Wednesday, October 20, 2010
Why All the Animosity Towards Cell Phones?
On July 2, 2010 Massachusetts Governor Deval Patrick signed into law a bill banning texting while driving. The bill in its original House of Representatives version also banned hand-held cell phones in the car while driving, in addition to the ban on texting. However, this was narrowly defeated by the Massachusetts Senate in an 18-16 vote. Regardless, the new law which went into effect on September 30th, marks Massachusetts’ attempt to keep up with the growing trend of states banning cell phones in cars.
As it currently stands, eight states; California, Connecticut, Delaware, Maryland, New Jersey, New York, Oregon, and Washington along with Washington D.C. and the Virgin Islands ; prohibit all drivers from using hand held cell phones while driving. While this is certainly not a majority, it appears to be a trend. Currently, twenty-eight states and Washington D.C. ban novice drivers from using cell phones while driving; eighteen states and Washington D.C. ban bus drivers from using cell phones while driving and passengers are present; and thirty states, Washington D.C., and Guam have banned texting while driving. Of these thirty states, eleven of the laws were enacted in 2010, including Massachusetts’ new law. Furthermore, some local governments have taken it upon themselves and passed their own distracted driver laws. For a complete chart of laws limiting cell phone use while driving, click here.

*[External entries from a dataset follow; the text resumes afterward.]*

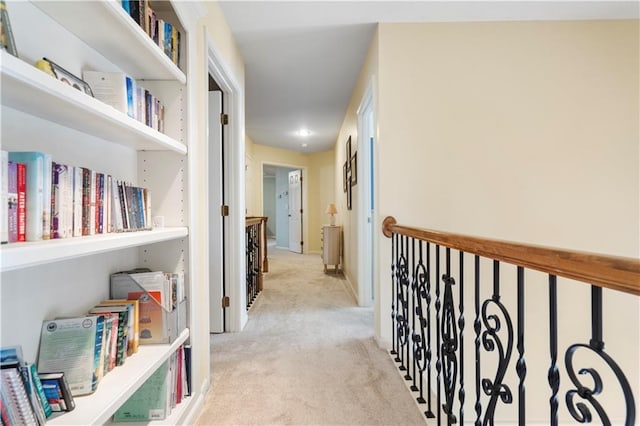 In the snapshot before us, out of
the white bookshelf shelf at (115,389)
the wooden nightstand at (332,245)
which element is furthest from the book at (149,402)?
the wooden nightstand at (332,245)

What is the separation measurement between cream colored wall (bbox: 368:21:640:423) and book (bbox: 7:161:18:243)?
2014mm

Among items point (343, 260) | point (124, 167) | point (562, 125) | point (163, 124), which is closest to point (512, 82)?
point (562, 125)

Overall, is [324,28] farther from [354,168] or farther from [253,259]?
[253,259]

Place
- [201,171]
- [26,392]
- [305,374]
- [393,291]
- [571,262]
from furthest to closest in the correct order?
[393,291]
[305,374]
[201,171]
[26,392]
[571,262]

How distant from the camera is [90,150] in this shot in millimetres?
1145

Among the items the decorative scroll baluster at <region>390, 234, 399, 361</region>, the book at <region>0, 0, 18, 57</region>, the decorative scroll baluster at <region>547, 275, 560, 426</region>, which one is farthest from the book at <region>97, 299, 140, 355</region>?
the decorative scroll baluster at <region>390, 234, 399, 361</region>

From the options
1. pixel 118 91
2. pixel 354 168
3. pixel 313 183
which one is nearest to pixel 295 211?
pixel 313 183

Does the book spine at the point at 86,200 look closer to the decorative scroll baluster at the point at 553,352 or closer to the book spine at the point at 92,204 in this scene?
the book spine at the point at 92,204

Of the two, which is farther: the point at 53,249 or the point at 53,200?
the point at 53,200

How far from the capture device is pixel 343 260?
5.08m

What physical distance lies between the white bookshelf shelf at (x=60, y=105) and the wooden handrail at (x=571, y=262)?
1.16 meters

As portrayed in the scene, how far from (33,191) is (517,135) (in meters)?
2.74

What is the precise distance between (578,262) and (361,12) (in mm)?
2200

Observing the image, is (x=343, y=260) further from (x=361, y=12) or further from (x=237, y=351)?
(x=361, y=12) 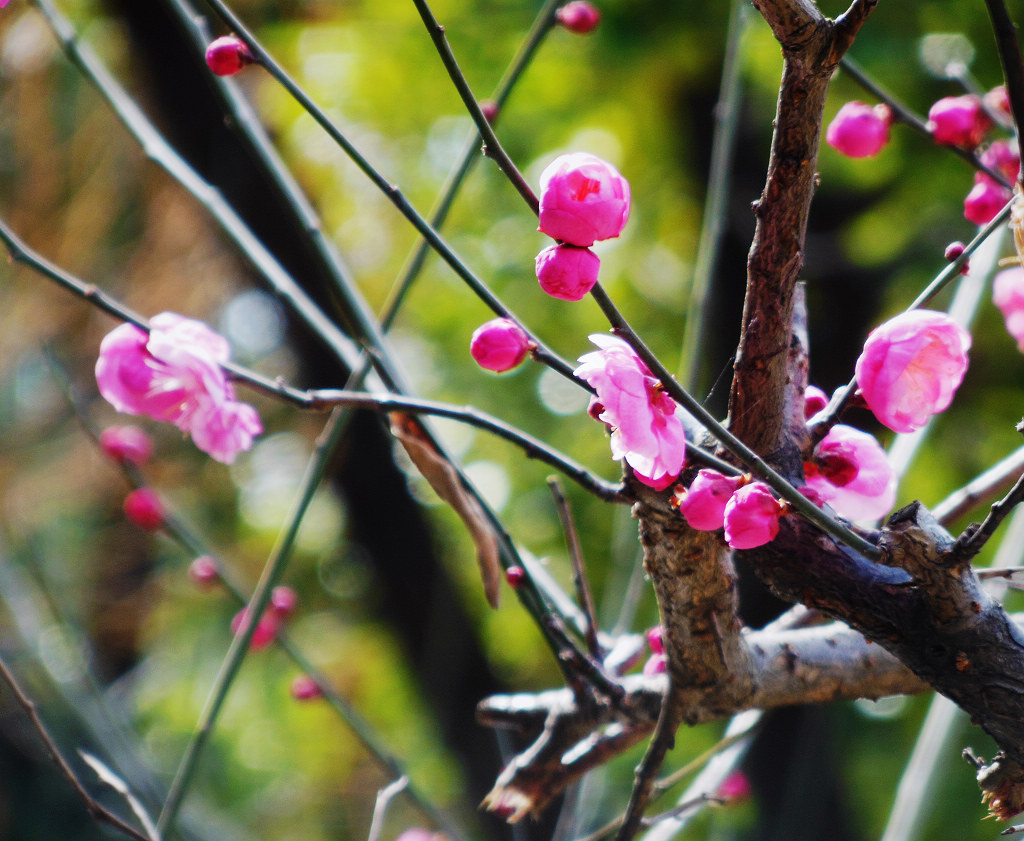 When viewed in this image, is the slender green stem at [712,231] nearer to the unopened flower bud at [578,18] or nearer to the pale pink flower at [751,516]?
the unopened flower bud at [578,18]

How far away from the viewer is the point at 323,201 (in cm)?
266

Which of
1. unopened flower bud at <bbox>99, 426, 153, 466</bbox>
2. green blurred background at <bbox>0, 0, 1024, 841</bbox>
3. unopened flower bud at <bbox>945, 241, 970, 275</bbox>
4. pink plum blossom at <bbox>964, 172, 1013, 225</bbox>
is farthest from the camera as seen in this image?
green blurred background at <bbox>0, 0, 1024, 841</bbox>

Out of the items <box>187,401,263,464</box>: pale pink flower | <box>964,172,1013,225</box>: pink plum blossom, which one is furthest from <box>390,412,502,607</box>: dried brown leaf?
<box>964,172,1013,225</box>: pink plum blossom

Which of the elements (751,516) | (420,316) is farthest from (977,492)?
(420,316)

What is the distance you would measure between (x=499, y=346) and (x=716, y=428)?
0.41ft

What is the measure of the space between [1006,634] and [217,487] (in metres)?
3.02

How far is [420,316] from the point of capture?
8.68 ft

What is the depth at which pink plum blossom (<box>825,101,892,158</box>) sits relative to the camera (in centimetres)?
77

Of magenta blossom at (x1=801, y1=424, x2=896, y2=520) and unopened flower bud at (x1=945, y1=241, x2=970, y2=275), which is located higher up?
unopened flower bud at (x1=945, y1=241, x2=970, y2=275)

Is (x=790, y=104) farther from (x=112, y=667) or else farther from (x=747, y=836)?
(x=112, y=667)

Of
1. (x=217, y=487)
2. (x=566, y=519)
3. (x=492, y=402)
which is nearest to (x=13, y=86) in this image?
(x=217, y=487)

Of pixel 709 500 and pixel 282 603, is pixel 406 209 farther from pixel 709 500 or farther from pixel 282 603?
pixel 282 603

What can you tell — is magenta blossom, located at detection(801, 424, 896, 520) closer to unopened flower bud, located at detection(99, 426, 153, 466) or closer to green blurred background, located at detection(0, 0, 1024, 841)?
unopened flower bud, located at detection(99, 426, 153, 466)

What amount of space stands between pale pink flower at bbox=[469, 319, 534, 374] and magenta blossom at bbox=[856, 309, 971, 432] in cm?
18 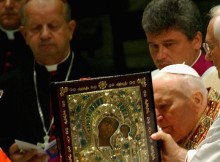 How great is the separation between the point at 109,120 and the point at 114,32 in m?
2.26

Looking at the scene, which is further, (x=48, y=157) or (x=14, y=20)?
(x=14, y=20)

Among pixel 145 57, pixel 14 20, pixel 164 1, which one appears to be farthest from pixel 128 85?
pixel 145 57

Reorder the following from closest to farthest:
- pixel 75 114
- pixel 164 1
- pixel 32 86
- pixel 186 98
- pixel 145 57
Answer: pixel 75 114, pixel 186 98, pixel 164 1, pixel 32 86, pixel 145 57

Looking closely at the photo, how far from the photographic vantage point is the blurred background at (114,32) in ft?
14.1

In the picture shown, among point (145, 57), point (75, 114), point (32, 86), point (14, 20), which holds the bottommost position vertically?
point (145, 57)

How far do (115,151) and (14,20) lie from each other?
172 cm

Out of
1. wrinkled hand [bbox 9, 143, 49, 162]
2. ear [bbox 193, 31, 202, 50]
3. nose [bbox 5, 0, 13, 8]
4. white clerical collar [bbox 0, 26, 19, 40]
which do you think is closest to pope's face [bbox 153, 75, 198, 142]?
wrinkled hand [bbox 9, 143, 49, 162]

The inconsistency between states in cell phone laws can make driving cross country a nightmare. In some states, a police officer can pull a driver over for using your cell phone; in others the officer must pull the driver over for a separate traffic violation in order to cite them for using their cell phone; while still in other states a driver has no limitations on cell phone use. The easy remedy is to play it safe and not use one’s cell phone while driving cross country. However, it seems that these inconsistencies could be taken care of through comprehensive federal legislation. With all the new state legislation on cell phone use further complicating a driver’s ability to know when, where, and how it is permissible to use their cell phone, the time seems primed for the Federal Government to step in and create a national standard.
This urge to pass cell phone legislation is no doubt coming from the correlation between cell phone use, the distractions it causes, and the accidents that result. However, the legislatures are missing the point a bit. While the texting bans are certainly necessary seeing that a person must take their eyes off the road completely in order to read/send texts, why is there so much animosity towards handheld cell phones? Most experienced drivers can steer a car as well with one hand as with two, unless of course they are driving a standard. The only real difference between handheld cell phones and hands free technology, such as Bluetooth, is the use of one hand. The distraction part of using a cell phone, which is the issue most lawmakers point to when passing these bills, is the conversation itself, not the intermediary device. If lawmakers are truly worried about distracted drivers, then all distracting activities should be banned along with cell phone use. Activities such as eating, drinking, reading, putting on makeup, and using a hair straightener while driving are as distracting, if not more so, than using a cell phone. Furthermore, some of these distracting activities are marketed specifically for being used in the car, yet they remain unregulated. The current trend of forcing drivers to use hands free technology for cell phone calls while driving is simply giving drivers an extra hand to grab that drink from McDonald’s they just picked up, not truly making our roads and highways any safer.